This is a Taste of Home recipe that I found in my new Taste of Home cookbook, “Guilt Free Cooking 356 home-style recipes for healthier living”. I doubled the recipe but I could have probably tripled it and had a good amount of leftovers for lunch tomorrow.
1 pound boneless skinless chicken breasts, cut into cubes (I used 2 cans of Costco chicken)
1 small onion, chopped (I used 1 medium)
1 3/4 cups reduced sodium chicken broth (I used 2 cans)
1 (4 oz) can chopped green chilies (I used 1 can because I was worried that it would be too spicey but I could have used 2 and it would have been just fine)
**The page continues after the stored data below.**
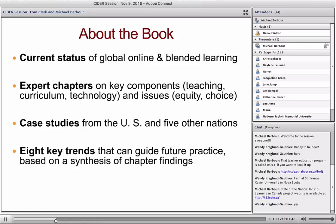We did a good job selecting our international jurisdictions. While there's a lot written about Canada — many scholars at Memorial University of Newfoundland are responsible for much of that — and a fair amount about New Zealand, many other countries including the UK were areas where we didn't know a lot about K-12 distance, online, and blended learning. So we were fortunate to bring those people in.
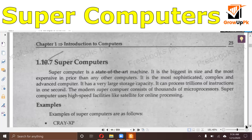This is a supercomputer. Its capacity is also more than a mainframe. The price is obviously very high. It is a very sophisticated, complex, and advanced computer.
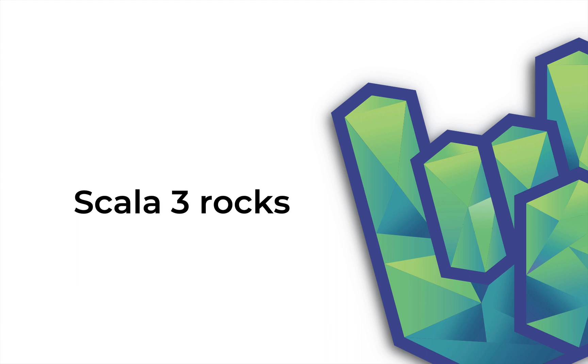And in the meantime, follow us on Twitter and LinkedIn for fresh updates on upcoming material. And check out the Rock the JVM website. We have tons of material like this, including the written versions of all the videos on the channel. Until next time, Daniel signing off.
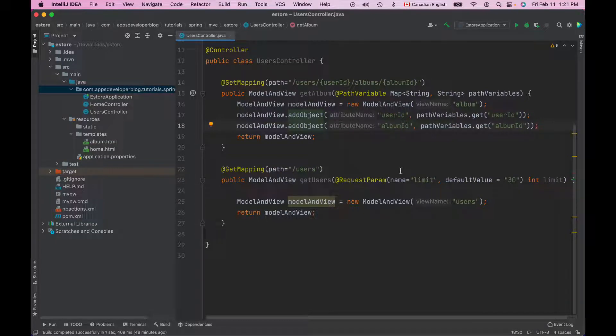In this video lesson you will learn how to read form data in your Spring MVC web application. To read form data in a method in a controller class, we use the model attribute annotation.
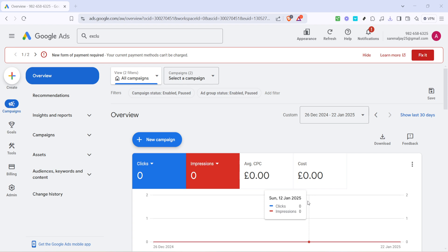First, you'll want to navigate to the overview page within your Google Ads account. This is where you'll have a bird's eye view of all your ongoing campaigns, performance statistics, and any immediate alerts that may need your attention. It might seem a bit overwhelming if you're new to this, but no worries, we're here to break it down for you.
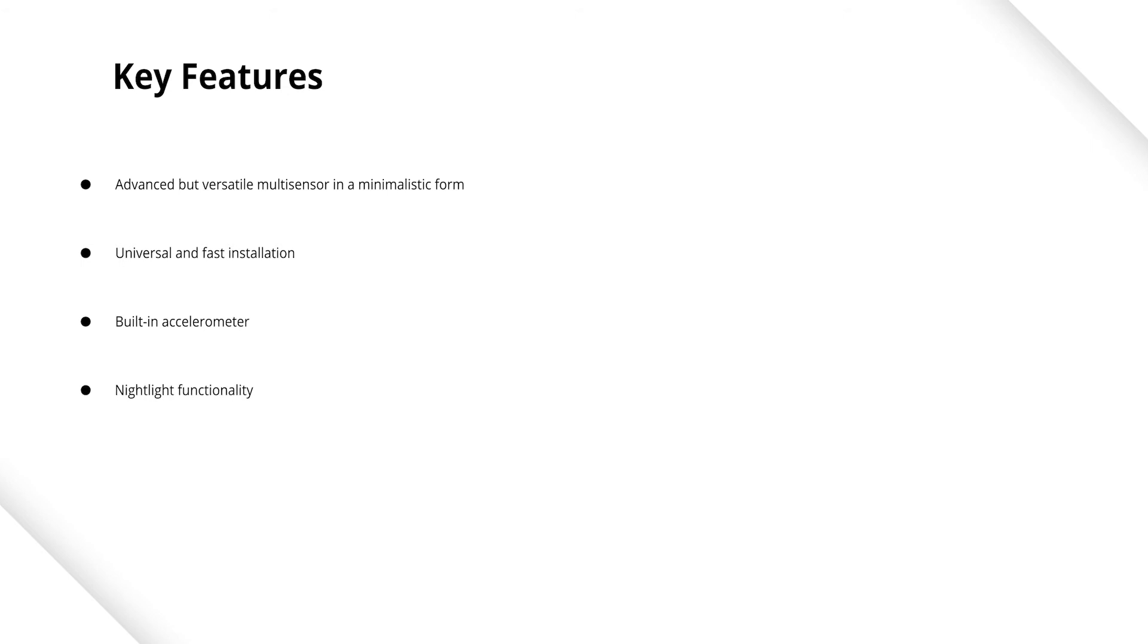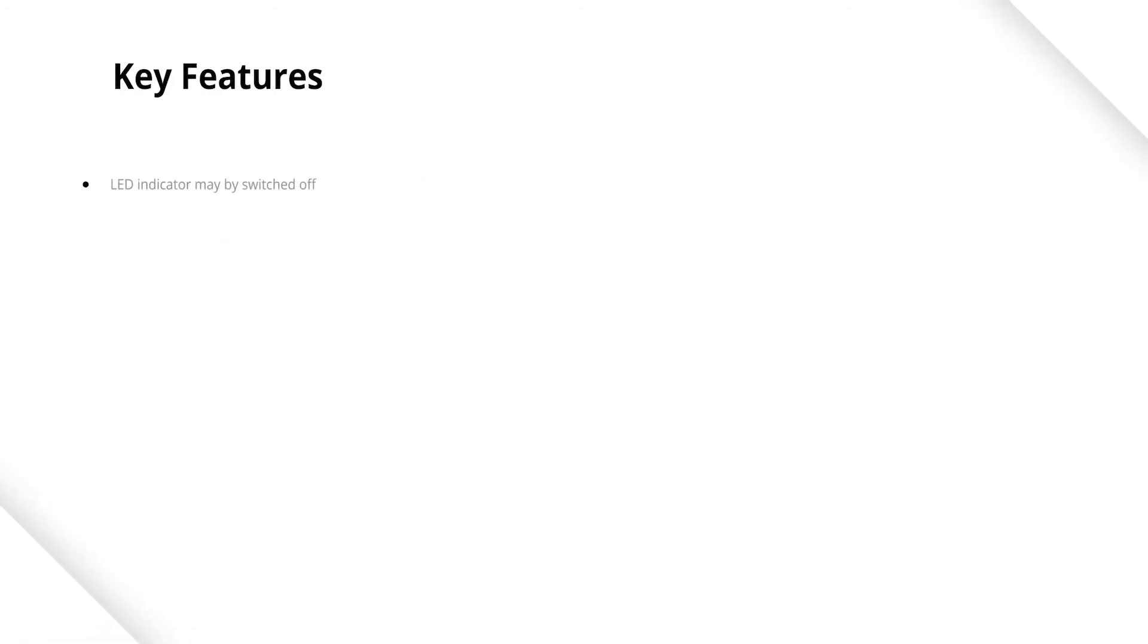The motion sensor is also a handy nightlight in a child's room or the parent's bedroom. The FIBARO Motion Sensor also uses color to display the current temperature in a given room. The LED diode on the sensor can be switched off.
1/2 teaspoon garlic powder (I pressed 2 cloves of garlic in)
1/2 teaspoon dried oregano (I used 1 teaspoon)
1/2 teaspoon minced fresh cilantro (left this out, don’t tell Bob!)
1/8 – 1/4 teaspoon cayenne pepper (left this out too)
1 (15 oz) can white kidney or cannellini beans, drained and rinsed (I used 2 cans)
baked tortilla chips, optional
1 In a saucepan, coated with cooking spray, saute chicken and onion until juices run clear, drain if desired. Stir in broth, chilies, garlic, oregano, cilantro and cayenne. Bring to a boil. Reduce heat, simmer, uncovered, for 30 minutes.
2 Stir in beans and cook for 10 minutes longer. Serve over tortilla chips if desired.
(Or you can put all ingredients into a crock pot like I did and cook about 5 hours on high.)